Patients with NOH need to learn how to manage activities and conditions that cause orthostatic stress or exacerbate the disease. When they change positions, they should do so slowly to allow time for autonomic adaption. For instance, in going from a supine position to walking, patients should sit before standing and stand for several minutes before walking.37 Large meals, especially those high in carbohydrates and consumed with alcohol, can cause postprandial OH by causing vasodilation in the splanchnic circulation.38 Compared with 3 standard meals, eating 6 small meals has been shown to improve orthostatic symptoms and standing tolerance.35 Exercise, especially with activities that are recumbent or done in water, are encouraged in order to prevent deconditioning, which can exacerbate NOH.7 However, patients should avoid exercising in the morning, when orthostatic symptoms are typically worse.

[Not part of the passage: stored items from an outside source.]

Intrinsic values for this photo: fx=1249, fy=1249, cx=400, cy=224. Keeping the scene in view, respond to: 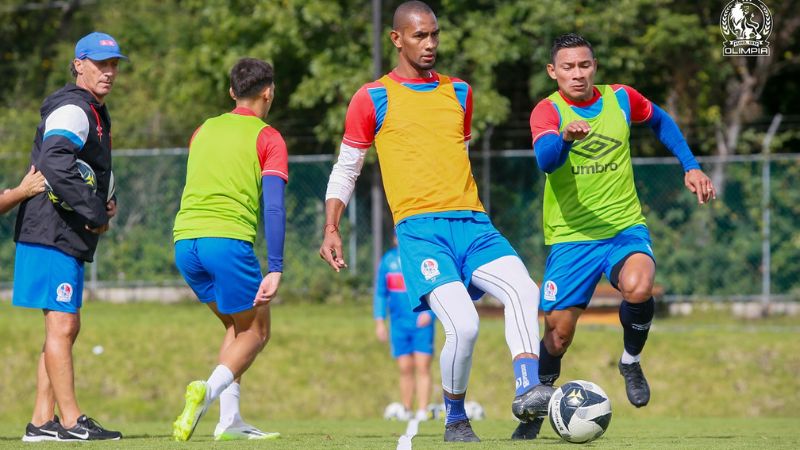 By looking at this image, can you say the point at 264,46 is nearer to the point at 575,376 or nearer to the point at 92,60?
the point at 575,376

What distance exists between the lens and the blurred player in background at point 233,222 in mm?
7617

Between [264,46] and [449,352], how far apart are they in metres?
14.7

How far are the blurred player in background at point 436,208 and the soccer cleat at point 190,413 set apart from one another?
1083 mm

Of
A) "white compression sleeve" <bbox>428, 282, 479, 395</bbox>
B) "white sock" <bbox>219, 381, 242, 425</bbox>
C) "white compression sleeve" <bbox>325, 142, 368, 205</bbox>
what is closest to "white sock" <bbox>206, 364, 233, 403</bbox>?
"white sock" <bbox>219, 381, 242, 425</bbox>

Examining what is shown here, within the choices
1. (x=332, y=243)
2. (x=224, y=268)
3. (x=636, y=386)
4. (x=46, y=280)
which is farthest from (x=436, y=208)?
(x=46, y=280)

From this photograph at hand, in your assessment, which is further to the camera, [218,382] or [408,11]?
[218,382]

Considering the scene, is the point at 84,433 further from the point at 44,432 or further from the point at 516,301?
the point at 516,301

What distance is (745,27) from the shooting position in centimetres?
1750

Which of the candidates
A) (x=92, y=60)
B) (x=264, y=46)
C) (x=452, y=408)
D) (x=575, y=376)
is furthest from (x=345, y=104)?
(x=452, y=408)

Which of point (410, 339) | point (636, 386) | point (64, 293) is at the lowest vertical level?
point (410, 339)

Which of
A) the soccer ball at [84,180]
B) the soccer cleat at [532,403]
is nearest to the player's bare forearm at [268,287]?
the soccer ball at [84,180]

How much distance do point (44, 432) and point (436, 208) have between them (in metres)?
2.97

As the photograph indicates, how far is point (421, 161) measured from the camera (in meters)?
7.26

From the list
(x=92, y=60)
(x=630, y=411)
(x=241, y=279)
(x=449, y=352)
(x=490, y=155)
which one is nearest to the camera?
(x=449, y=352) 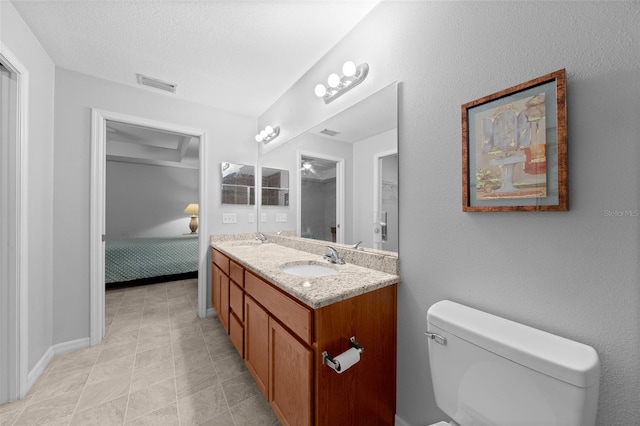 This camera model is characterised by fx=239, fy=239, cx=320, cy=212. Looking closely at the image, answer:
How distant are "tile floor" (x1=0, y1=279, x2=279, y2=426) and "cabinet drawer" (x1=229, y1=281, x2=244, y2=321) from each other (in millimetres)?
391

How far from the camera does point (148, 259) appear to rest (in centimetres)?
343

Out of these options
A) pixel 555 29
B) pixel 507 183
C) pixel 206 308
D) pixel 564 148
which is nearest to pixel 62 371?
pixel 206 308

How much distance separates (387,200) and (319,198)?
0.70m

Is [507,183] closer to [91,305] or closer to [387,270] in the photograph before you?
[387,270]

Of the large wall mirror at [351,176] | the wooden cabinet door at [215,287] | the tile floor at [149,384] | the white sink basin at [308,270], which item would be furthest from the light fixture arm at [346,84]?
the tile floor at [149,384]

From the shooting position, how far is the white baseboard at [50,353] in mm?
1549

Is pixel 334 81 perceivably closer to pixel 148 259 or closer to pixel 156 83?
pixel 156 83

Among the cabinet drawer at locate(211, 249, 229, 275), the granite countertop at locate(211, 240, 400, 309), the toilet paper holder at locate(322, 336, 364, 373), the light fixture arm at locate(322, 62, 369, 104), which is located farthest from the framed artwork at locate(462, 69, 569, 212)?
the cabinet drawer at locate(211, 249, 229, 275)

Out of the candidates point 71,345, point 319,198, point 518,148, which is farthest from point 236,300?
point 518,148

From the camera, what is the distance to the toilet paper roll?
91 centimetres

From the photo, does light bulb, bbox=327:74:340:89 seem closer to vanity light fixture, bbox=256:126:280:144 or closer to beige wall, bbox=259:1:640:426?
beige wall, bbox=259:1:640:426

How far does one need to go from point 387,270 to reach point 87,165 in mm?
2494

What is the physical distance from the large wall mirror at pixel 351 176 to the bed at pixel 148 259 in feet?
8.10

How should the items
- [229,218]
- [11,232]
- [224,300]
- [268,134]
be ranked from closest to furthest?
[11,232] → [224,300] → [268,134] → [229,218] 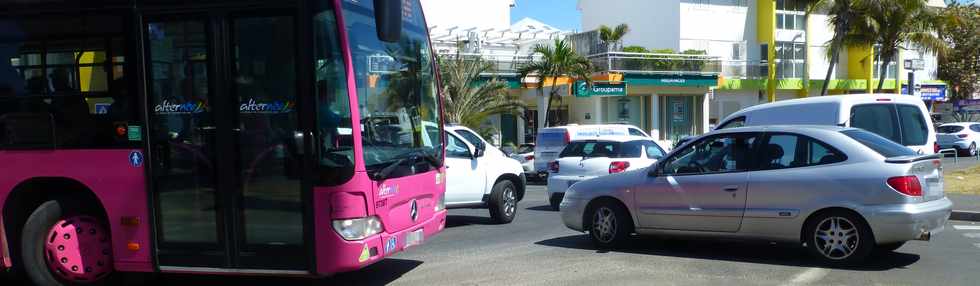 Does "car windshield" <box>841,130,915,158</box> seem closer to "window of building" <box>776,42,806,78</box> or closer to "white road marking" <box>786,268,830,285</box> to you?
"white road marking" <box>786,268,830,285</box>

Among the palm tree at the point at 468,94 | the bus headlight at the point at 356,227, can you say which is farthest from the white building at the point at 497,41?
the bus headlight at the point at 356,227

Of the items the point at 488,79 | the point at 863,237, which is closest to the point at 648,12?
the point at 488,79

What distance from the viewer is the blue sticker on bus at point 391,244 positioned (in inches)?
277

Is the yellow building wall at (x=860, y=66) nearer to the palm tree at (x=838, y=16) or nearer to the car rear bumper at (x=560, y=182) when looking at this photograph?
the palm tree at (x=838, y=16)

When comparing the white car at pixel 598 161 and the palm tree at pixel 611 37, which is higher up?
the palm tree at pixel 611 37

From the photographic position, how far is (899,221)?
310 inches

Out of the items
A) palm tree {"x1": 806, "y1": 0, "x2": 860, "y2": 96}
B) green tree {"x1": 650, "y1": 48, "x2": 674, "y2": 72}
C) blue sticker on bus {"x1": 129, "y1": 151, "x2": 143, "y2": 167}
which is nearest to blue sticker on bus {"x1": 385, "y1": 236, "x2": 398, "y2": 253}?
blue sticker on bus {"x1": 129, "y1": 151, "x2": 143, "y2": 167}

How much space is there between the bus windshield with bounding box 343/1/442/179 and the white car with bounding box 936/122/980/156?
3166 centimetres

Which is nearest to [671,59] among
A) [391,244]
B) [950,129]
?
[950,129]

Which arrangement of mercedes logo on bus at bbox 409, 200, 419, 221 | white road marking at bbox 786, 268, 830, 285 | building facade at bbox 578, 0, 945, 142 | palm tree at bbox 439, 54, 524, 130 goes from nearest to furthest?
1. mercedes logo on bus at bbox 409, 200, 419, 221
2. white road marking at bbox 786, 268, 830, 285
3. palm tree at bbox 439, 54, 524, 130
4. building facade at bbox 578, 0, 945, 142

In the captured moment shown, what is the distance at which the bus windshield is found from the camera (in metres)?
6.84

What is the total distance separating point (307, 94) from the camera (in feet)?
21.3

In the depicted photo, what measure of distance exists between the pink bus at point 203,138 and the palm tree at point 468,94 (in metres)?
19.4

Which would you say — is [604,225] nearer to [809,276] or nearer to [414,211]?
[809,276] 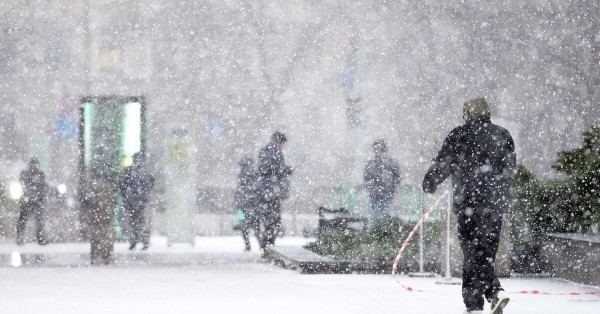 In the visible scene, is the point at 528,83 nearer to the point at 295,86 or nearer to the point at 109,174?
the point at 295,86

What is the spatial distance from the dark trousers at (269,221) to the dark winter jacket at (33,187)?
5822mm

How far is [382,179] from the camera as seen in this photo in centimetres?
2292

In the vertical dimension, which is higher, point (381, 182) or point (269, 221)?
point (381, 182)

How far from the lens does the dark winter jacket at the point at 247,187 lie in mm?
22734

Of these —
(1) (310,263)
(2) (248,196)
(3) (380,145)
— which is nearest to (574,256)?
(1) (310,263)

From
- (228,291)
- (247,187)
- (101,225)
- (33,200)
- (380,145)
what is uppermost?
(380,145)

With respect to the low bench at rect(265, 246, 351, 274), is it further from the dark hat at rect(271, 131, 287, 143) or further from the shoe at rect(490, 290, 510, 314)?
the shoe at rect(490, 290, 510, 314)

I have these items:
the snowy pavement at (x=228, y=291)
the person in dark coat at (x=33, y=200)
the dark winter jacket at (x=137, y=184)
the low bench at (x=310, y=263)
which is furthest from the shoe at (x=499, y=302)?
the person in dark coat at (x=33, y=200)

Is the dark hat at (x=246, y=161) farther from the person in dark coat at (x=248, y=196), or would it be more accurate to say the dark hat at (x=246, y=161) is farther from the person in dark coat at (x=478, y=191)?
the person in dark coat at (x=478, y=191)

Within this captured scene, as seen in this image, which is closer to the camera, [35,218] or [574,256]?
[574,256]

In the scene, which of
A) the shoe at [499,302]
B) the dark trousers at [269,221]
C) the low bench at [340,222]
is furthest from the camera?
the low bench at [340,222]

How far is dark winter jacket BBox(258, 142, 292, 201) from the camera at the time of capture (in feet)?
68.2

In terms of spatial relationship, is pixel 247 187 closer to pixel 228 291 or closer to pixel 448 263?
pixel 448 263

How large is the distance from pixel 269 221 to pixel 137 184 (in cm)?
344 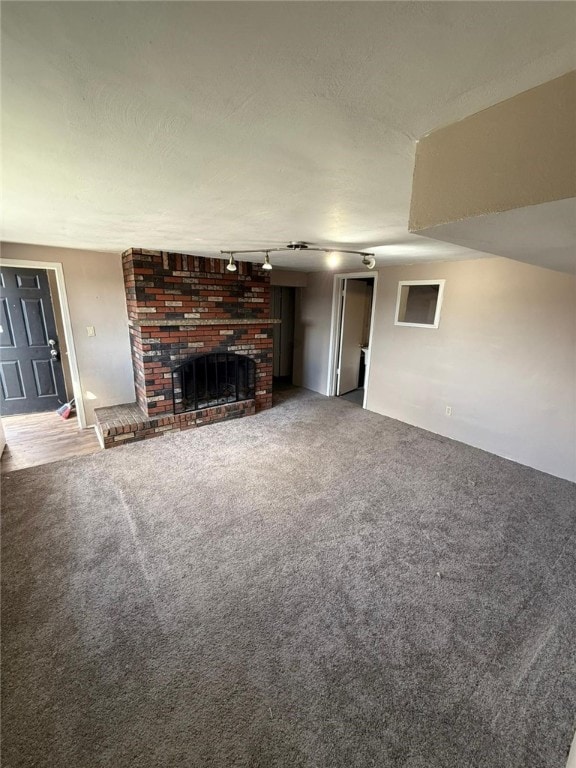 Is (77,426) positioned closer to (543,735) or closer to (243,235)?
(243,235)

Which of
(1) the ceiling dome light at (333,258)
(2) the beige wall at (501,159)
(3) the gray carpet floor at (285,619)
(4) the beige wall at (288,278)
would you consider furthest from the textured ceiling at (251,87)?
(4) the beige wall at (288,278)

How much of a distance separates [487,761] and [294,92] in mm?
2264

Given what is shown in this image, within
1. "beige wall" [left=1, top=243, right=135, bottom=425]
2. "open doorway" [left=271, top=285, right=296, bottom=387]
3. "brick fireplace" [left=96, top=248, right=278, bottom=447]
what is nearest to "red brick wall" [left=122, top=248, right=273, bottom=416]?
"brick fireplace" [left=96, top=248, right=278, bottom=447]

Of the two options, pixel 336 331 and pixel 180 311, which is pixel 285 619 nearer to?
A: pixel 180 311

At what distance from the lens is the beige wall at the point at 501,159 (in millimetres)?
671

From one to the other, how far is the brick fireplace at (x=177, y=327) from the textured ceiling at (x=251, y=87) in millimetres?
1899

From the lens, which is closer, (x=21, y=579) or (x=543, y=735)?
(x=543, y=735)

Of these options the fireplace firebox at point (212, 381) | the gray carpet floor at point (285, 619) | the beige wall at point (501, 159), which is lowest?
the gray carpet floor at point (285, 619)

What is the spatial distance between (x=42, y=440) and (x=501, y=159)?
14.5 feet

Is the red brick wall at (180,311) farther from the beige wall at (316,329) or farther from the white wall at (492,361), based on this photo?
the white wall at (492,361)

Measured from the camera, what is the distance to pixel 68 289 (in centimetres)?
357

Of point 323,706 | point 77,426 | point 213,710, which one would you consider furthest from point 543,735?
point 77,426

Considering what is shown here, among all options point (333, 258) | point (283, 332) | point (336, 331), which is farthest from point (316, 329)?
point (333, 258)

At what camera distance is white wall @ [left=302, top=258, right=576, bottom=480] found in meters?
2.92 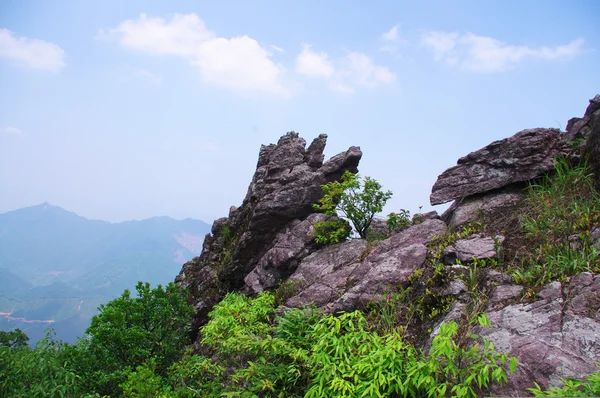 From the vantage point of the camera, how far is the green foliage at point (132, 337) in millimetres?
10656

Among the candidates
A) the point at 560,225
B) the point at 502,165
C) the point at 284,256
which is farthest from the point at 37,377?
the point at 502,165

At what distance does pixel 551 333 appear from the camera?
558cm

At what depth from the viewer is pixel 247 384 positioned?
7.21 meters

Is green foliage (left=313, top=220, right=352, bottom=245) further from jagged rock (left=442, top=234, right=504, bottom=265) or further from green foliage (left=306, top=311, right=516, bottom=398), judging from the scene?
green foliage (left=306, top=311, right=516, bottom=398)

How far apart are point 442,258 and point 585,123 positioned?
6138mm

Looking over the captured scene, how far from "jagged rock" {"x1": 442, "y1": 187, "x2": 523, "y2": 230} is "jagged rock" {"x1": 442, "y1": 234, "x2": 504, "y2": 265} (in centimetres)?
110

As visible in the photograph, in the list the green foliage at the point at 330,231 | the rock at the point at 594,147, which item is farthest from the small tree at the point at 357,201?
the rock at the point at 594,147

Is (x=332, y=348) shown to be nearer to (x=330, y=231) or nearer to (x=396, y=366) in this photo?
(x=396, y=366)

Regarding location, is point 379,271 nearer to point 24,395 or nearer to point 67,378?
point 67,378

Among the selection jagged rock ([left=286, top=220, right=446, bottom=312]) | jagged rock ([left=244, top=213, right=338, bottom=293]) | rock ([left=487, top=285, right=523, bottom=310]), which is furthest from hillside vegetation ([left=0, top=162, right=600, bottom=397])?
jagged rock ([left=244, top=213, right=338, bottom=293])

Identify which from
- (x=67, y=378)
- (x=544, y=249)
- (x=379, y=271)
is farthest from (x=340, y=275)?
(x=67, y=378)

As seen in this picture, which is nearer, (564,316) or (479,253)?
(564,316)

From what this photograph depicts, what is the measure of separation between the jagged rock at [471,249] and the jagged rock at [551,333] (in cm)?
159

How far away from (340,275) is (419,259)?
7.65 feet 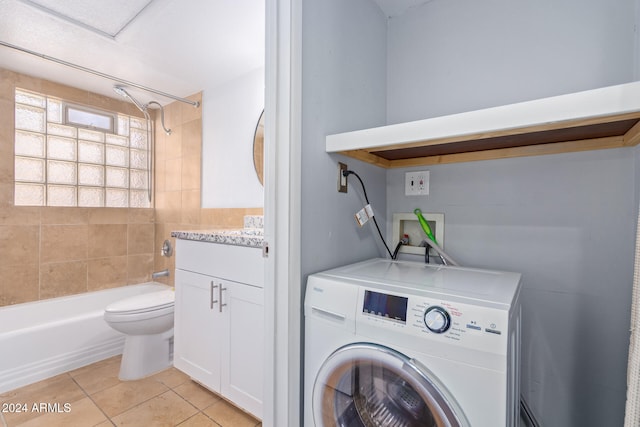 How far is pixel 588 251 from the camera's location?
1.02 m

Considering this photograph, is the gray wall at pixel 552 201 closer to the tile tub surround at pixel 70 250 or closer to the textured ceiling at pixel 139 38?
the textured ceiling at pixel 139 38

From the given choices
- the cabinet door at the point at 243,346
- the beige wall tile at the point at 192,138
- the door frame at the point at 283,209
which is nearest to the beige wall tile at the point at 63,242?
the beige wall tile at the point at 192,138

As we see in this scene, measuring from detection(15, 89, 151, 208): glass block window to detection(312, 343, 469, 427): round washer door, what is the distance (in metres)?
2.74

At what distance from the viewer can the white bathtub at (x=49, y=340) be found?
1.73 meters

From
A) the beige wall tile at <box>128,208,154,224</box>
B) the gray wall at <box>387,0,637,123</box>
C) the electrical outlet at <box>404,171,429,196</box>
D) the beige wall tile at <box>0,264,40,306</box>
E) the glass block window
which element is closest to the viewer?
the gray wall at <box>387,0,637,123</box>

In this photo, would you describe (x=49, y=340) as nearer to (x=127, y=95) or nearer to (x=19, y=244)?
(x=19, y=244)

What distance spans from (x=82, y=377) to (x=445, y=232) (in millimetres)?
2373

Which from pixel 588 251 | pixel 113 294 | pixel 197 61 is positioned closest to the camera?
pixel 588 251

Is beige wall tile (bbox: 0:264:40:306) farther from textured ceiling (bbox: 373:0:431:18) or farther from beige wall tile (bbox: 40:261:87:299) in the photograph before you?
textured ceiling (bbox: 373:0:431:18)

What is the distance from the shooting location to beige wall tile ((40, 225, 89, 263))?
2303 mm

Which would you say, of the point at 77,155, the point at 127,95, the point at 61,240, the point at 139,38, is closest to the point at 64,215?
the point at 61,240

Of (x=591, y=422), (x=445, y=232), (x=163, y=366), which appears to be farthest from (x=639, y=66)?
(x=163, y=366)

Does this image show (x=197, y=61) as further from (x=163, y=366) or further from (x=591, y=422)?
(x=591, y=422)

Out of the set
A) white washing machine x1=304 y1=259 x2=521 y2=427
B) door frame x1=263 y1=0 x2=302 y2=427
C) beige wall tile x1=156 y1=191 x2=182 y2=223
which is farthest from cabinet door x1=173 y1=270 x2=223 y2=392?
beige wall tile x1=156 y1=191 x2=182 y2=223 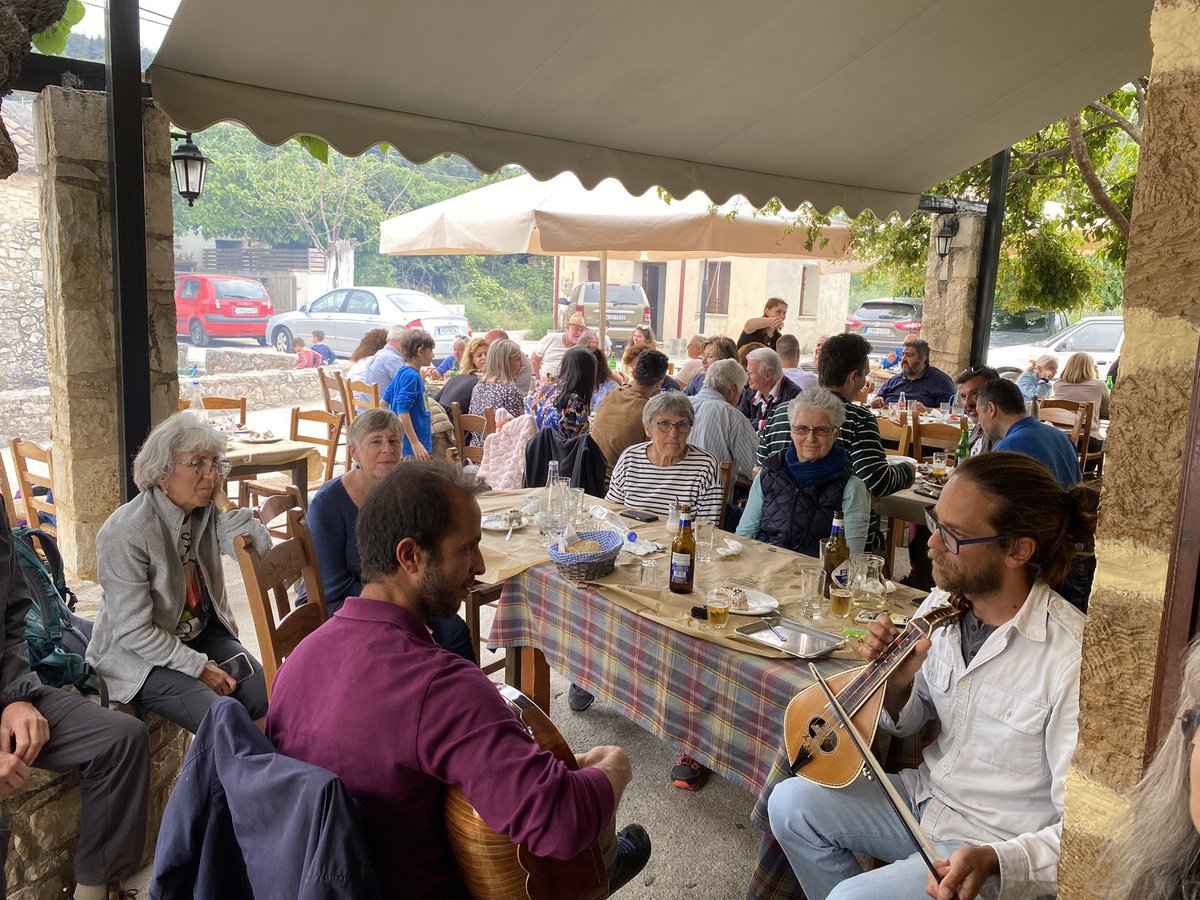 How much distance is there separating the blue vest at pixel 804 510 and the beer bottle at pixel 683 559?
0.85 m

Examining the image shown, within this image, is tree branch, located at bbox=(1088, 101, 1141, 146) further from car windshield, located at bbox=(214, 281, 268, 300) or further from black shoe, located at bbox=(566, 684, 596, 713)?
car windshield, located at bbox=(214, 281, 268, 300)

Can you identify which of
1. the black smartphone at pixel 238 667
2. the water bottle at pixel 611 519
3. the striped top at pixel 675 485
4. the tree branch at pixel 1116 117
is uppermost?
the tree branch at pixel 1116 117

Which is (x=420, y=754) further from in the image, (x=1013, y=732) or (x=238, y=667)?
(x=238, y=667)

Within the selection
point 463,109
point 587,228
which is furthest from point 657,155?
point 587,228

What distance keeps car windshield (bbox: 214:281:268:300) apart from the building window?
1342 cm

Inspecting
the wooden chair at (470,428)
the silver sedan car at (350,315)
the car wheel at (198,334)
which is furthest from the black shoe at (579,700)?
the car wheel at (198,334)

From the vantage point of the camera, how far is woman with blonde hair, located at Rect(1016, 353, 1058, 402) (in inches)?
324

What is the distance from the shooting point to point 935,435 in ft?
20.5

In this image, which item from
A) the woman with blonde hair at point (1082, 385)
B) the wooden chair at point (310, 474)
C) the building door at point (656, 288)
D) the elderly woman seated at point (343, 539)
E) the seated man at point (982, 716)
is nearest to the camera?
the seated man at point (982, 716)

Patients with NOH must be diligent to maintain intravascular volume because volume depletion can exacer-bate symptoms. The American Society of Hypertension recommends that NOH patients drink 1.5 to 2 L of water daily.7 In addition, they should consume 6 to 10 g of salt daily, taking 1 g of salt (as tablets) with each meal if needed. Drinking 300 to 500 mL of water over 3 to 4 minutes can induce a pressor effect that has an onset within 10 to 15 minutes, peaks at 40 minutes, and can last over an hour.3,10,39 Rapid water drinking induces hypo-osmolality in the portal vein, which triggers a sympathetic reflex. Drinking water is an important option for managing morning symptoms of NOH, as well as postprandial OH. As one expert notes, “Being free, readily available, and highly effective in many patients, water is the first-line ‘drug’ for NOH.”10

Additionally, patients should be advised to elevate the head of the bed at least 30 degrees to lower SH and reduce nocturnal diuresis. This may also improve baroreflex failure. Patients should be encouraged to document blood pressure measurements and orthostatic symptoms in a diary.3 This may be helpful in identifying orthostatic stressors and nondrug strategies to minimize orthostatic symptoms.